Dalam persidangan, terungkap adanya pembayaran sebagian atas kewajiban yang disengketakan serta penyerahan jaminan sementara berupa kebun seluas sekitar 4 hektar dan satu kavling tanah, sebagaimana tercantum dalam surat pernyataan tertanggal 28 Maret 2025. Fakta tersebut, menurut kuasa hukum, diakui secara tegas oleh pihak penggugat, tetapi tidak menjadi bagian dari pertimbangan majelis hakim.

 

Selain itu, kuasa hukum juga menyoroti amar putusan yang membebankan kewajiban pembayaran secara pribadi kepada Tergugat I. Padahal, dalam petitum gugatan, penggugat meminta agar pembayaran dilakukan melalui mekanisme penganggaran APBD Kabupaten Kepahiang.

 

“Putusan tersebut dinilai melampaui apa yang diminta dalam petitum gugatan,” ujar Dekki.

 

Kuasa hukum juga mempersoalkan putusan majelis hakim yang menyatakan gugatan rekonvensi para tergugat tidak dapat diterima tanpa memeriksa pokok perkara.
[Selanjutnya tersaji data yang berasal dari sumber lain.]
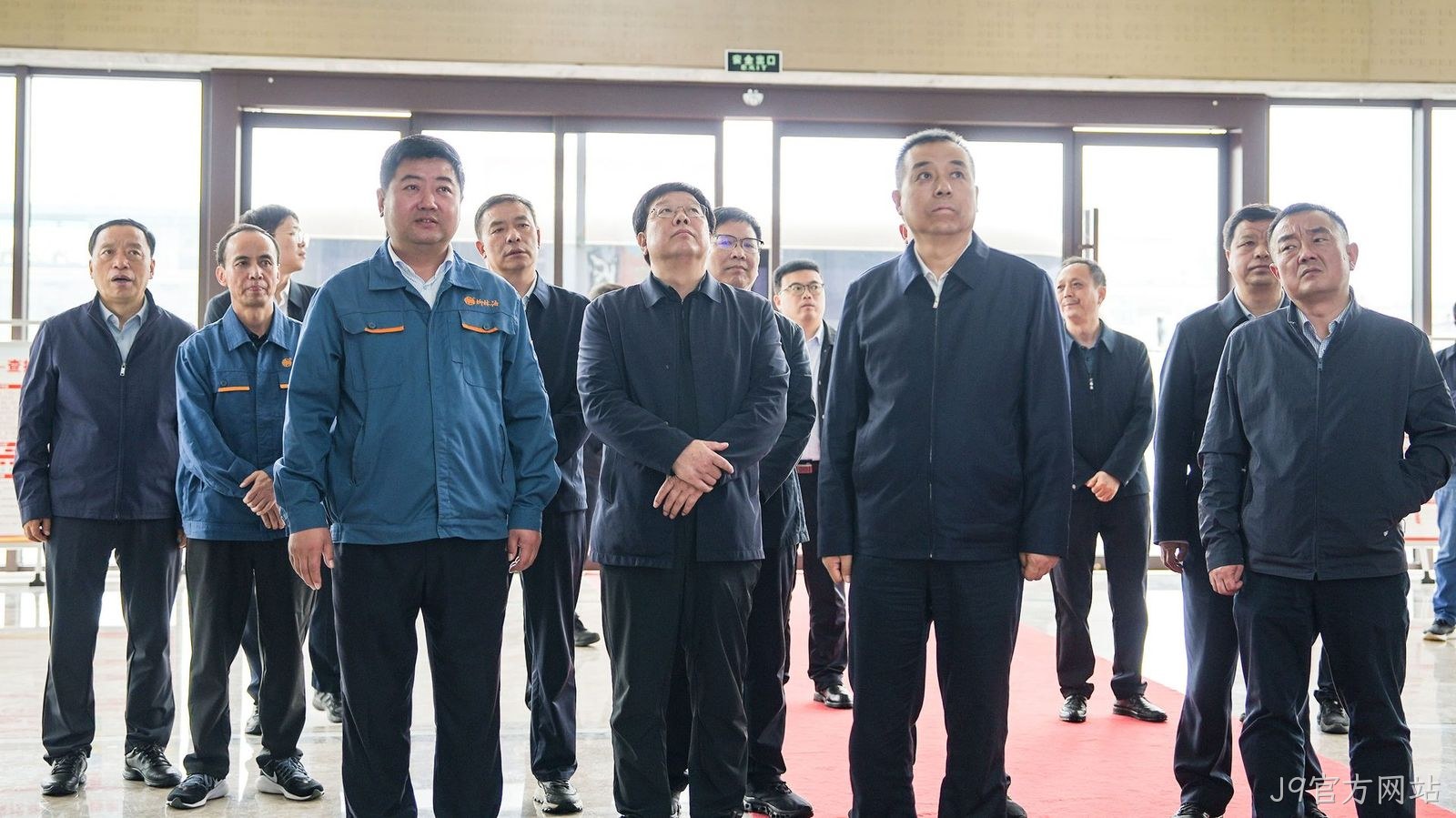 商洛市政协主席王宁岗一行莅临J9官方网站考察指导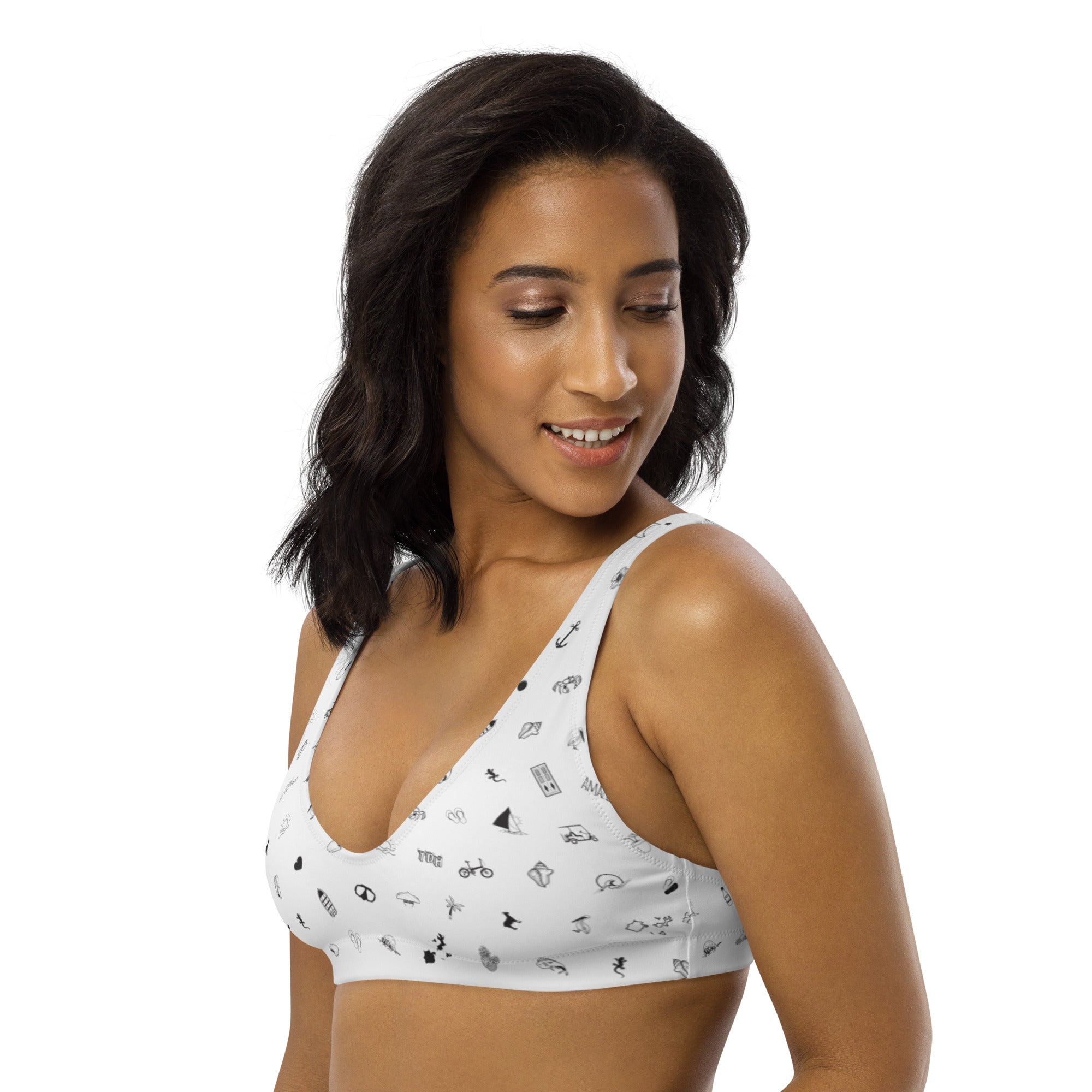 Haut de maillot de bain éco-responsable rembourré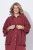 Ulla Popken 849860 Kimono Rjasto rdeča - Kardigani - Jopice velikih velikosti za ženske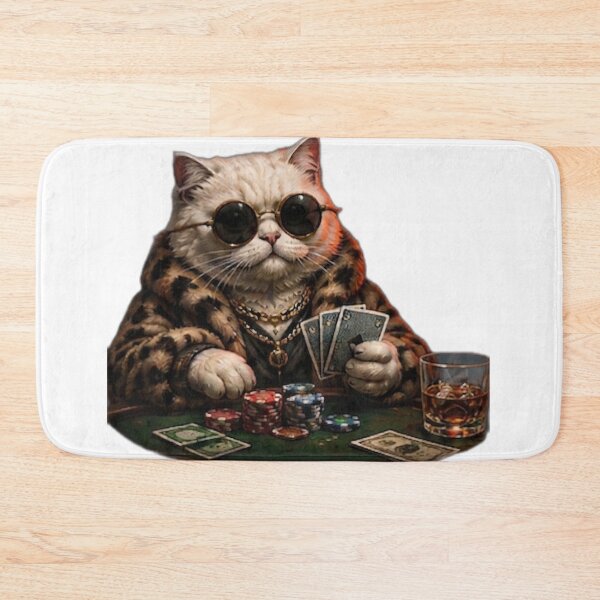 Item preview, High Roller Poker Cat designed and sold by DailyDoodlesBySumbul.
Rekonvensi tersebut diajukan untuk memperoleh kepastian hukum atas status dua bidang tanah yang diserahkan sebagai jaminan.

 

Menurut mereka, tidak diperiksanya pokok rekonvensi menimbulkan ketidakpastian hukum terkait status tanah, apakah sebagai jaminan, bagian dari pelunasan, atau harus dikembalikan kepada pihak yang berhak.

 

Melalui upaya banding ini, kuasa hukum berharap Pengadilan Tinggi Bengkulu dapat memeriksa kembali perkara secara menyeluruh, baik sengketa hutang dalam konvensi maupun status dua bidang tanah dalam rekonvensi.

 

“Banding ini merupakan hak hukum klien kami untuk memperoleh putusan yang adil dan memberikan kepastian hukum,” kata Riko Putra.